A key part of most setup development is testing from a known state to see that your setup leaves the machine in another known state. Usually, it’s from a “clean” state to one with your app installed but I’m sure I’m not alone with needing to duplicate bugs that come from a “dirty” machine. In both cases, you need to be able to quickly get a test machine to the starting state.
One way to get consistent machine states is with imaging software: Take an image of the machine in a particular state using software like Acronis True Image and restore the image before you begin each test. The downside to machine images is the time needed to restore an image; a bare operating system image might be only a couple of gigabytes for a svelte Windows XP image but your setup or app might have other prerequisites that balloon the image size. For example, my testing for Flight Simulator X Service Pack 1 and Flight Simulator X: Acceleration both require an installation of Flight Simulator X, all 13GB and 42,000 files worth. Such an image takes about 20 minutes to restore, not counting the reboots and loading the imaging software: Call it a good half an hour. With that overhead, I avoid re-imaging between install tests; the overhead’s not worth it. And surely I never author any bad setup or make even the slightest bug in my deferred custom actions, much less the rollback custom actions. Oh wait…
But virtual machines have significantly less overhead. Instead of re-imaging, you shut down the VM and discard changes made during the test session. Then restart the VM to start clean: The only overhead is the time it takes the VM to “power on” and boot. Most VM software lets you create snapshots to record the state of the VM at key points. You can also create new VMs as clones or deltas of other VMs, to save the time of installing OSes over and over.
There are two potential drawbacks to cloning VMs:
- Don’t forget your OS licensing.
- If you need to join your VMs to a network domain, you’ll have to use a tool like SysPrep or NewSID to join cloned VMs to the domain.
Of course, both those things are true with hardware machine images too. I avoid the problem by not joining VMs to domains. Most VM software offers other ways of getting test files to VMs, like shared folders that simulate a network share to the host computer or drag-and-drop.

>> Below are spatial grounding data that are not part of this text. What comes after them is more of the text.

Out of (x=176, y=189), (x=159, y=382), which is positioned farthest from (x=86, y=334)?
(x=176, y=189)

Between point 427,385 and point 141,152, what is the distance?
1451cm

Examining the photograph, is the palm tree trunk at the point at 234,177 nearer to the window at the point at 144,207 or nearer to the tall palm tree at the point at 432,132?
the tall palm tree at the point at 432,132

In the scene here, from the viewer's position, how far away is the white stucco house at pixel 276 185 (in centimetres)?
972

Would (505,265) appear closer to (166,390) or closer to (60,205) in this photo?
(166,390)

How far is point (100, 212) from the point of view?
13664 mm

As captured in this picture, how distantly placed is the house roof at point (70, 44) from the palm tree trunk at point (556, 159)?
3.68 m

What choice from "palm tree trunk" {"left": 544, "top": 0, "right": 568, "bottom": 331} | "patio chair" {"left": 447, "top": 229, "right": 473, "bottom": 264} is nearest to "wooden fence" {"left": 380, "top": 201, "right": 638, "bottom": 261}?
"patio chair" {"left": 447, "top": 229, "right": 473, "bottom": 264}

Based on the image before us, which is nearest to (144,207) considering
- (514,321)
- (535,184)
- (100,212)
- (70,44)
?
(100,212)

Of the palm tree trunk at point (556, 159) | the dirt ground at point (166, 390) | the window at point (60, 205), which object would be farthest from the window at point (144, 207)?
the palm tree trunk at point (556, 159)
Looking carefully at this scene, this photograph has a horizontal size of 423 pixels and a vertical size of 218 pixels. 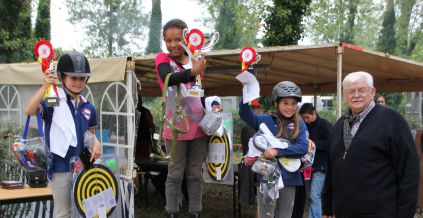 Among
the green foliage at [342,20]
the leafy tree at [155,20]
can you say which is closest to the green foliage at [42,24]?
the green foliage at [342,20]

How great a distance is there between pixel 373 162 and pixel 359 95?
0.43 m

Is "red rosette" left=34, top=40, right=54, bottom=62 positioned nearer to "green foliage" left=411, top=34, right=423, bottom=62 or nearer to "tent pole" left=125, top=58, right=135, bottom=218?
"tent pole" left=125, top=58, right=135, bottom=218

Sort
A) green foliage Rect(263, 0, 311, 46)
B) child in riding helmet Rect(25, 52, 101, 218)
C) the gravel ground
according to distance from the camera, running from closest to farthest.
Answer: child in riding helmet Rect(25, 52, 101, 218) → the gravel ground → green foliage Rect(263, 0, 311, 46)

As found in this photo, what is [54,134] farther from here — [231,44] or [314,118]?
[231,44]

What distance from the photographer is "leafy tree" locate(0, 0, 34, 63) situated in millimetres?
12631

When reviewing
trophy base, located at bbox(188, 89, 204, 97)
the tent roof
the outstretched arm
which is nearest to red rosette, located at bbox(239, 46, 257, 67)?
trophy base, located at bbox(188, 89, 204, 97)

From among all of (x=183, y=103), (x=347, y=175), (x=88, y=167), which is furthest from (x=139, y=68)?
(x=347, y=175)

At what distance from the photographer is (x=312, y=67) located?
6445mm

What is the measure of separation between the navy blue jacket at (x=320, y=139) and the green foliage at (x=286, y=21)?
20.8 feet

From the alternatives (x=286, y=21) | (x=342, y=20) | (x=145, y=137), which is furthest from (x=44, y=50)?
(x=342, y=20)

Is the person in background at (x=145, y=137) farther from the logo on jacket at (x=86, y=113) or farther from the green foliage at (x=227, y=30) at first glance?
the green foliage at (x=227, y=30)

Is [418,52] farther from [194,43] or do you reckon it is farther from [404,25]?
[194,43]

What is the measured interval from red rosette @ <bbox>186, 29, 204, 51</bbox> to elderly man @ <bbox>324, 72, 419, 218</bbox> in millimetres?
1034

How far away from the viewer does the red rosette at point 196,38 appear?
302cm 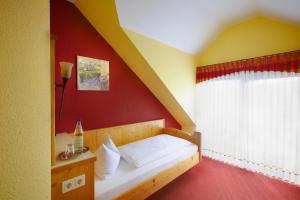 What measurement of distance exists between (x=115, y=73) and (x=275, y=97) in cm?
272

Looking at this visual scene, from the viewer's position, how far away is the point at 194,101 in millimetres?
3477

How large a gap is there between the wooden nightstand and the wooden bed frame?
49 centimetres

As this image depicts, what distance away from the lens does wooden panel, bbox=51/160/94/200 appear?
3.28 ft

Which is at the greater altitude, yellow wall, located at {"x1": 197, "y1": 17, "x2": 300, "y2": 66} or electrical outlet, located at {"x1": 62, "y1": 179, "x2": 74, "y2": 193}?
yellow wall, located at {"x1": 197, "y1": 17, "x2": 300, "y2": 66}

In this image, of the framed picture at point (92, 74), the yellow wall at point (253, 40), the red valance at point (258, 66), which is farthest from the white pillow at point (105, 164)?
the yellow wall at point (253, 40)

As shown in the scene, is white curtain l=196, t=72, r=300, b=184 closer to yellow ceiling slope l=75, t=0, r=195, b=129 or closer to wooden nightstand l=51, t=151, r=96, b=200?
yellow ceiling slope l=75, t=0, r=195, b=129

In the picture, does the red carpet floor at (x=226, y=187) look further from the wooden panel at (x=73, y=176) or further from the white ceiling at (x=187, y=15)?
the white ceiling at (x=187, y=15)

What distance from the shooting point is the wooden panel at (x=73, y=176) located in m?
1.00

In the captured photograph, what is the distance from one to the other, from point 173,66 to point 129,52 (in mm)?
918

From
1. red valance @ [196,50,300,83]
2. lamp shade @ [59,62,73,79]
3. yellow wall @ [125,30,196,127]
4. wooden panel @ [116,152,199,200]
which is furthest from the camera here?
yellow wall @ [125,30,196,127]

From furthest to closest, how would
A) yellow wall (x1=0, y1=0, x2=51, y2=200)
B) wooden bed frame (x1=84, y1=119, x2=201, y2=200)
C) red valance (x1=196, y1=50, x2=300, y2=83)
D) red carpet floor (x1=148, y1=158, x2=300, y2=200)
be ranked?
1. red valance (x1=196, y1=50, x2=300, y2=83)
2. red carpet floor (x1=148, y1=158, x2=300, y2=200)
3. wooden bed frame (x1=84, y1=119, x2=201, y2=200)
4. yellow wall (x1=0, y1=0, x2=51, y2=200)

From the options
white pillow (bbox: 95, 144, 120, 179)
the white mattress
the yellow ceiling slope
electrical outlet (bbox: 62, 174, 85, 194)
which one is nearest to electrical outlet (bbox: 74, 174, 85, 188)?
electrical outlet (bbox: 62, 174, 85, 194)

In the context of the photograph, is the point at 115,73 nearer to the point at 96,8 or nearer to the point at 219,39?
the point at 96,8

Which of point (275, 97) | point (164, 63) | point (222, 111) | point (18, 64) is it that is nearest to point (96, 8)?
point (164, 63) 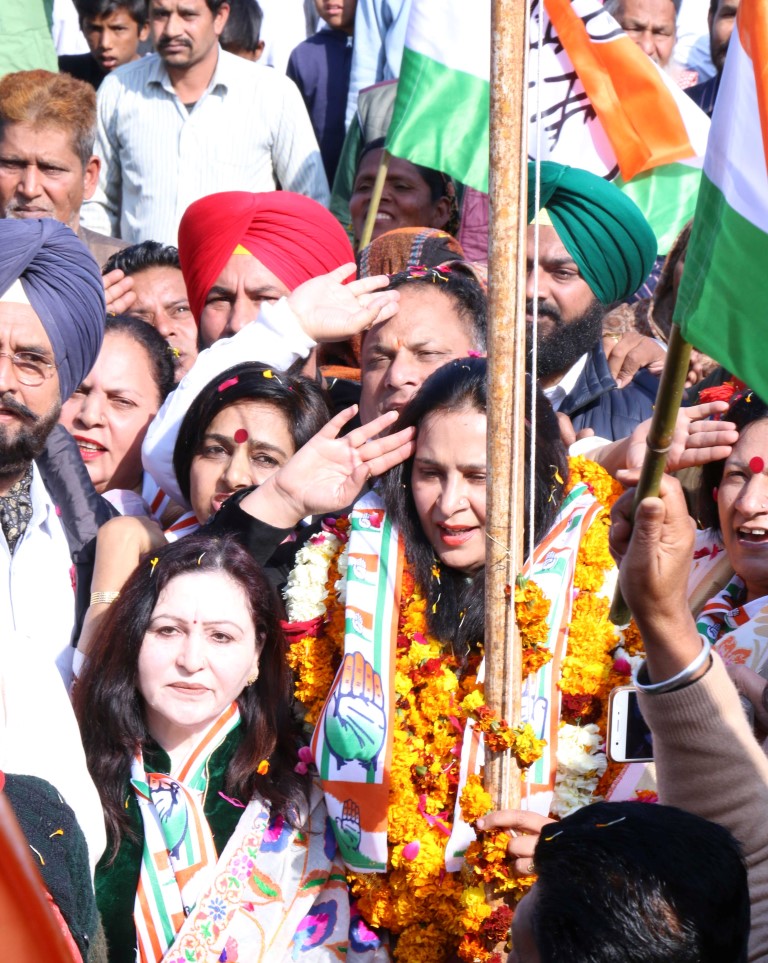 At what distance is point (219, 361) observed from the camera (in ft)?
16.3

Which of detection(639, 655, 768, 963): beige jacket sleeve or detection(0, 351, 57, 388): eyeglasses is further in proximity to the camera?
detection(0, 351, 57, 388): eyeglasses

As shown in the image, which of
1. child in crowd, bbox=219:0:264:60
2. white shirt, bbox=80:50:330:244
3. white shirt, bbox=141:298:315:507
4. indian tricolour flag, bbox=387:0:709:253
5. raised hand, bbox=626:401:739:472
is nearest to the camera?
raised hand, bbox=626:401:739:472

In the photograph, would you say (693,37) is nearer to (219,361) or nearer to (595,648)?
(219,361)

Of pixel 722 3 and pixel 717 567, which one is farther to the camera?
pixel 722 3

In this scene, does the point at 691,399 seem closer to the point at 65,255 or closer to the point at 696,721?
the point at 65,255

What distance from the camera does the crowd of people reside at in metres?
2.59

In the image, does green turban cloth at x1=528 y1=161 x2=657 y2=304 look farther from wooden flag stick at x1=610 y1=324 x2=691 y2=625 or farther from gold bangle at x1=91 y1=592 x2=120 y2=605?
wooden flag stick at x1=610 y1=324 x2=691 y2=625

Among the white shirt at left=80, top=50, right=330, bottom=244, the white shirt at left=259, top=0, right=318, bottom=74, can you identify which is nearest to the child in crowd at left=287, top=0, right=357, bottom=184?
the white shirt at left=80, top=50, right=330, bottom=244

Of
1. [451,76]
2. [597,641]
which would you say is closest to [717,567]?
[597,641]

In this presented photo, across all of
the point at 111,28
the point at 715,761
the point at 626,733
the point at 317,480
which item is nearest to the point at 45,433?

VMs aren’t as fast as real hardware but unless you have a huge setup or want to investigate timing-related issues, it’s rarely a serious problem. Though it gives you a great excuse for a powerful dev box: A quad-core CPU with 4GB RAM and RAID 0 storage works really well. Fewer cores, less RAM, and non-RAID disks work too, of course, depending on how many simultaneous VMs you want to run.
Here’s a [partially obsolete and definitely out-of-date –Ed.] list of the VM software I’ve used.
- Virtual PC, Microsoft’s desktop VM product. Free (as in beer). Easy to use, OK GUI. Biggest cons: It’s a single-threaded app, so multiple VMs don’t take advantage of multi-core CPUs and it has no automation API.
- Virtual Server, Microsoft’s current server VM product. Free (as in beer). Multi-threaded with COM API. Biggest con: In the box, there’s only a Web administrative interface. VMRCplus, an unsupported WinForms UI, is available and while it has some rough edges, it’s a big improvement.
- VMware Workstation, VMware’s desktop VM product. $189. Great multi-process GUI with automation APIs. Hardware support improves with each version; the current version, 6.0, supports USB 2.0. The only drawback is that because it’s not free software (beer or speech), you need to make sure you’re in compliance with license if you want to use it on multiple machines.
- VirtualBox, innotek’s VM product. Free (beer and speech). VirtualBox comes in a closed-source edition that’s free of charge and a subset is available under the GPL. Multi-process and nicely automatable, via command line and XML configuration files. There’s a separate API that isn’t yet documented. The biggest downside is that virtual machines, hard drives, and CD/DVD images have to be registered so it’s slightly more complicated than the others to copy VMs among host machines. Secret setup geek benefit: The closed-source edition of VirtualBox comes with an installer – authored in WiX – that’s amazingly clean; it doesn’t quite pass validation but it’s very light on black-box custom actions.
Using machine images is vital if your setup requires particular hardware or if your app does and you need to test both the setup and the app. Otherwise, save yourself headaches, hassles, and horked dev machines and test your setups in virtual machines.